**WORK INSTRUCTIONS**
Only text belongs in your copy of the listing below; reproduce it exactly and leave out the pictures.

· · · ·

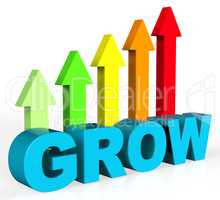 Grow And Invest Indicates Return On Investment And Develop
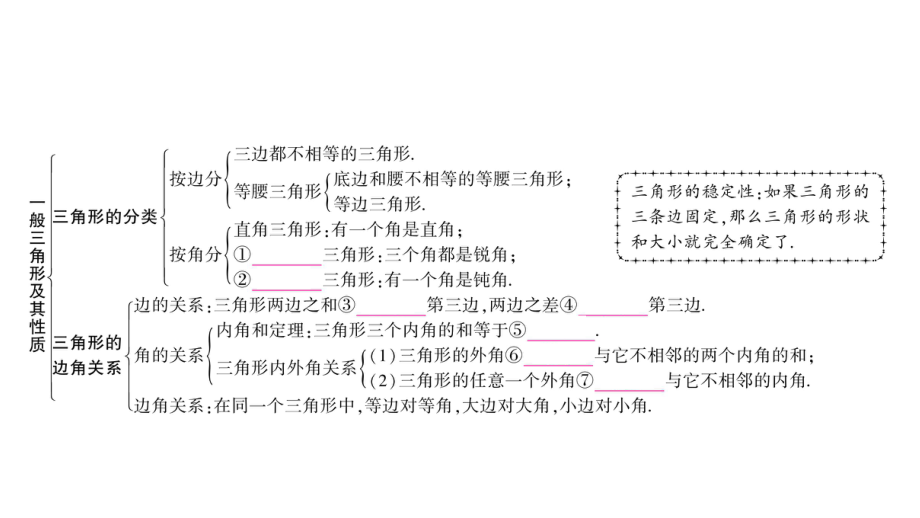 2021年中考甘肃专用数学考点梳理第四章第二节　一般三角形及其性质 ppt课件.ppt_第3页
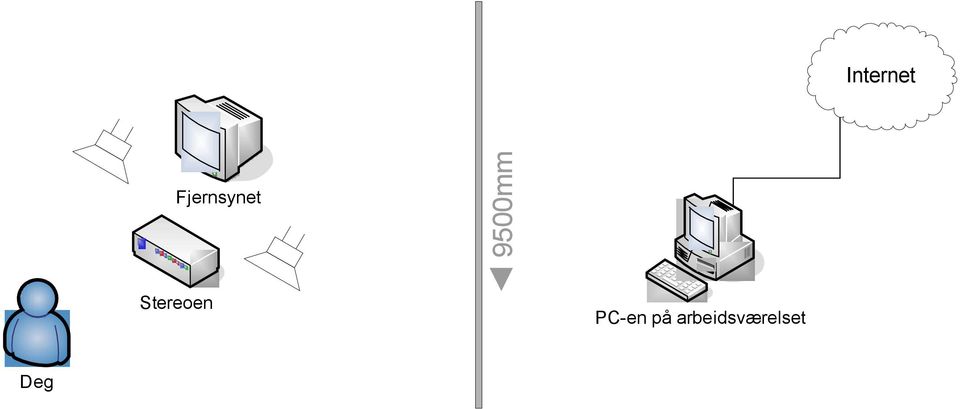 9500mm Internet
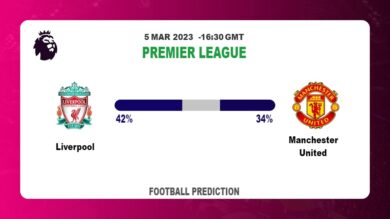 Over 2.5 Prediction: Liverpool vs Manchester United Football Tips Today | 5th March 2023
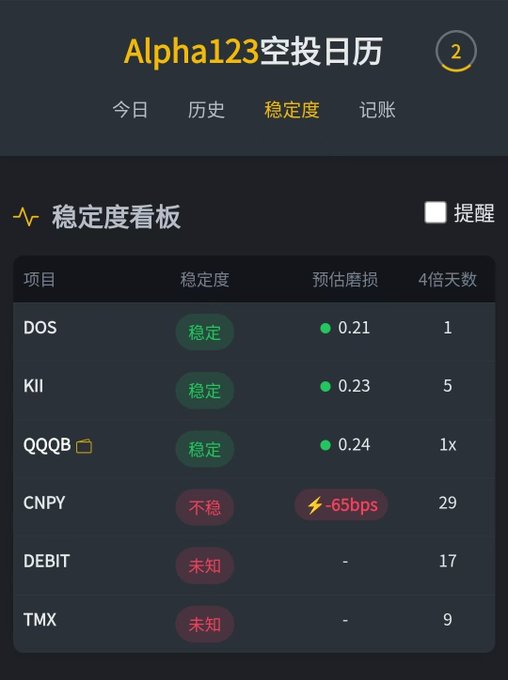 A mobile app interface in Chinese titled 'Alpha123空投日历' (Alpha123 Airdrop Calendar), showing a stability dashboard for crypto projects including DOS (0.21), KII (0.23), QQQB (0.24), CNPY (-65bps), DEBIT, and TMX.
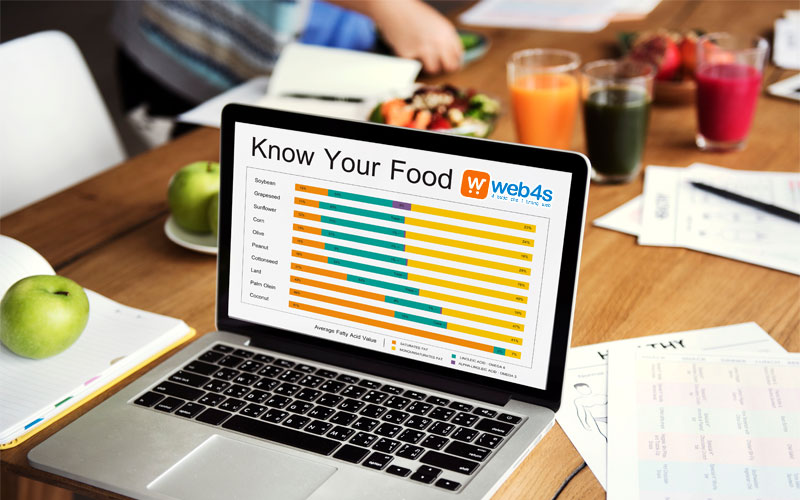 Mục tiêu thiết kế website thực phẩm 
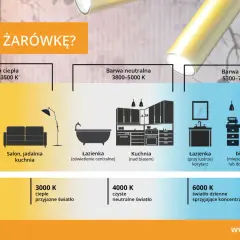 Wybierz żarówkę o barwie 5500k do biura, by sprzyjać koncentracji. Diagram pokazuje różne barwy światła i ich zastosowanie.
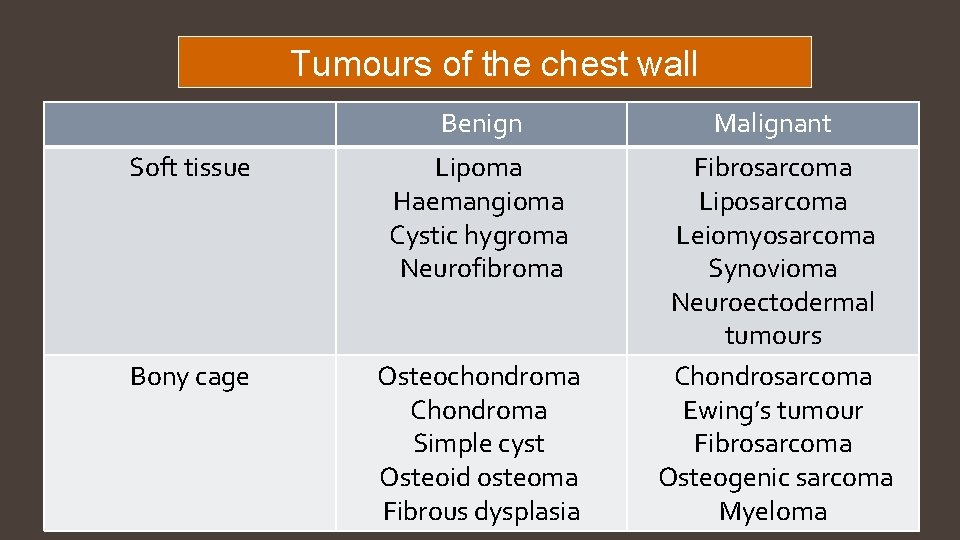 Tumours of the chest wall Benign Malignant Soft tissue Lipoma Haemangioma Cystic hygroma Neurofibroma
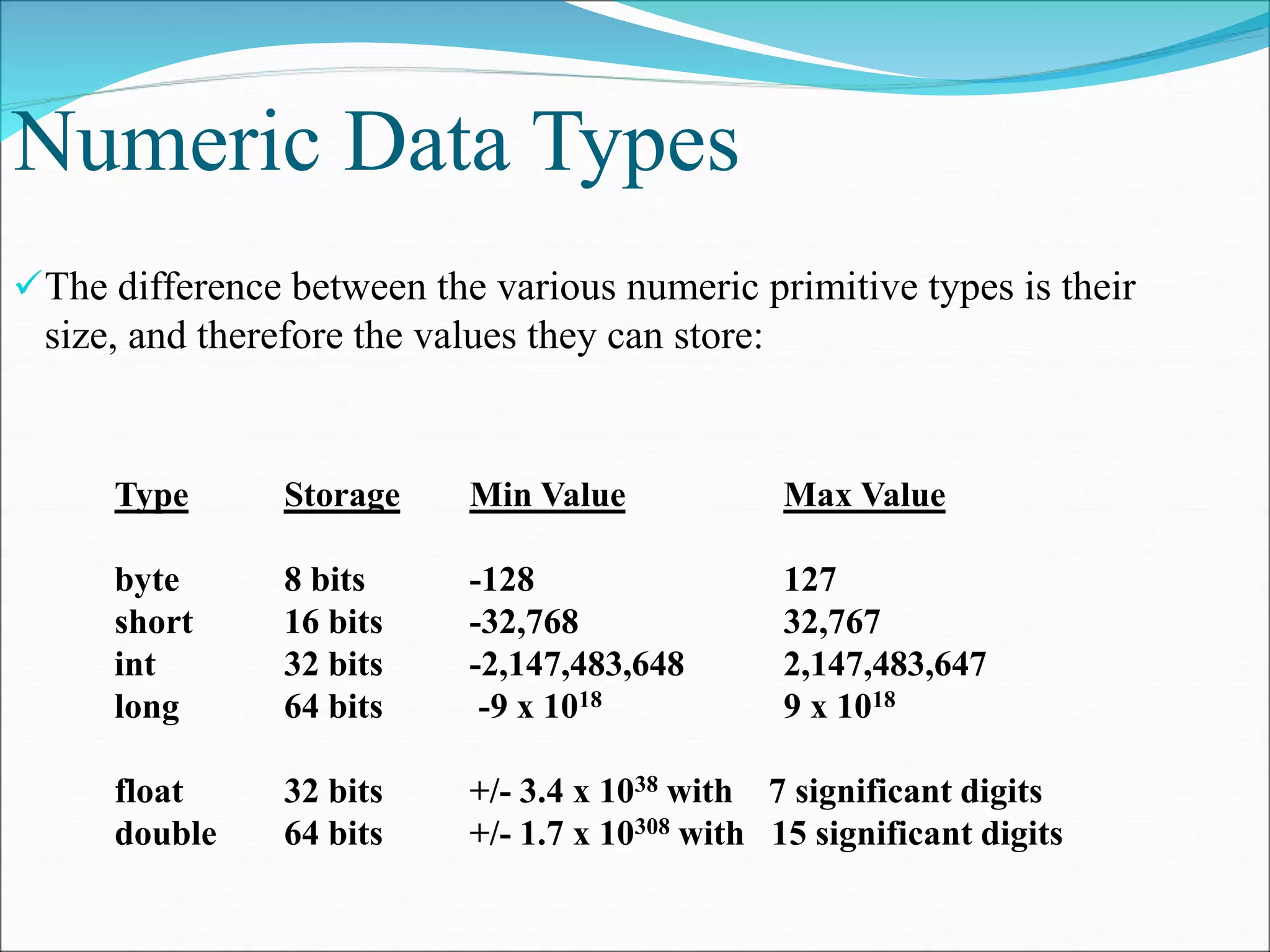 Numeric Data Types
The difference between the various numeric primitive types is their
size, and therefore the values they can store:
Type
byte
short
int
long
float
double
Storage
8 bits
16 bits
32 bits
64 bits
32 bits
64 bits
Min Value
-128
-32,768
-2,147,483,648
-9 x 1018
+/- 3.4 x 1038 with 7 significant digits
+/- 1.7 x 10308 with 15 significant digits
Max Value
127
32,767
2,147,483,647
9 x 1018
 
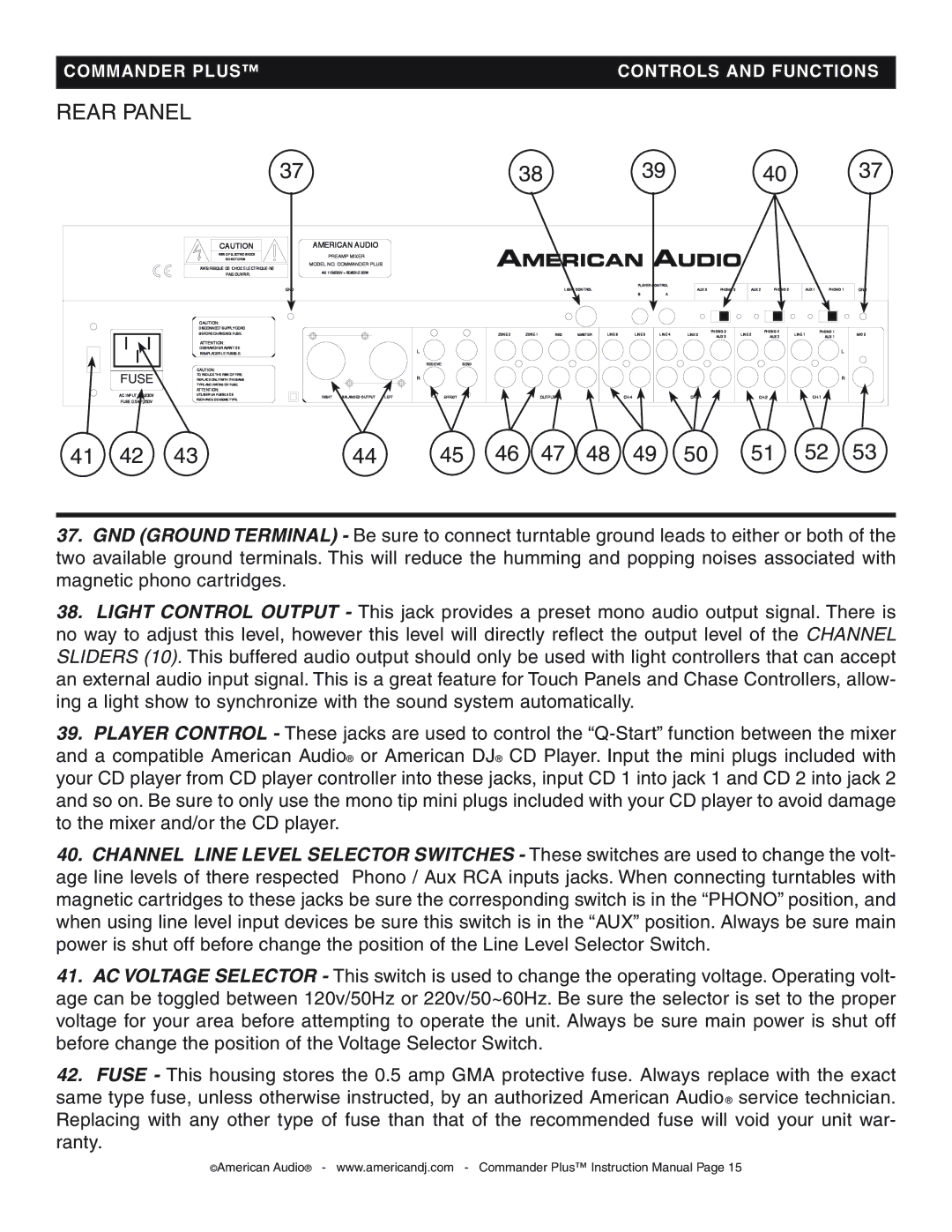 American Audio CommanderPlus manual Rear Panel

· · · ·

**FINISHED TASK**
 Grow And Invest Indicates Return On Investment And Develop
 2021年中考甘肃专用数学考点梳理第四章第二节　一般三角形及其性质 ppt课件.ppt_第3页
 9500mm Internet
 Over 2.5 Prediction: Liverpool vs Manchester United Football Tips Today | 5th March 2023
 A mobile app interface in Chinese titled 'Alpha123空投日历' (Alpha123 Airdrop Calendar), showing a stability dashboard for crypto projects including DOS (0.21), KII (0.23), QQQB (0.24), CNPY (-65bps), DEBIT, and TMX.
 Mục tiêu thiết kế website thực phẩm 
 Wybierz żarówkę o barwie 5500k do biura, by sprzyjać koncentracji. Diagram pokazuje różne barwy światła i ich zastosowanie.
 Tumours of the chest wall Benign Malignant Soft tissue Lipoma Haemangioma Cystic hygroma Neurofibroma
 Numeric Data Types
The difference between the various numeric primitive types is their
size, and therefore the values they can store:
Type
byte
short
int
long
float
double
Storage
8 bits
16 bits
32 bits
64 bits
32 bits
64 bits
Min Value
-128
-32,768
-2,147,483,648
-9 x 1018
+/- 3.4 x 1038 with 7 significant digits
+/- 1.7 x 10308 with 15 significant digits
Max Value
127
32,767
2,147,483,647
9 x 1018
 
 American Audio CommanderPlus manual Rear Panel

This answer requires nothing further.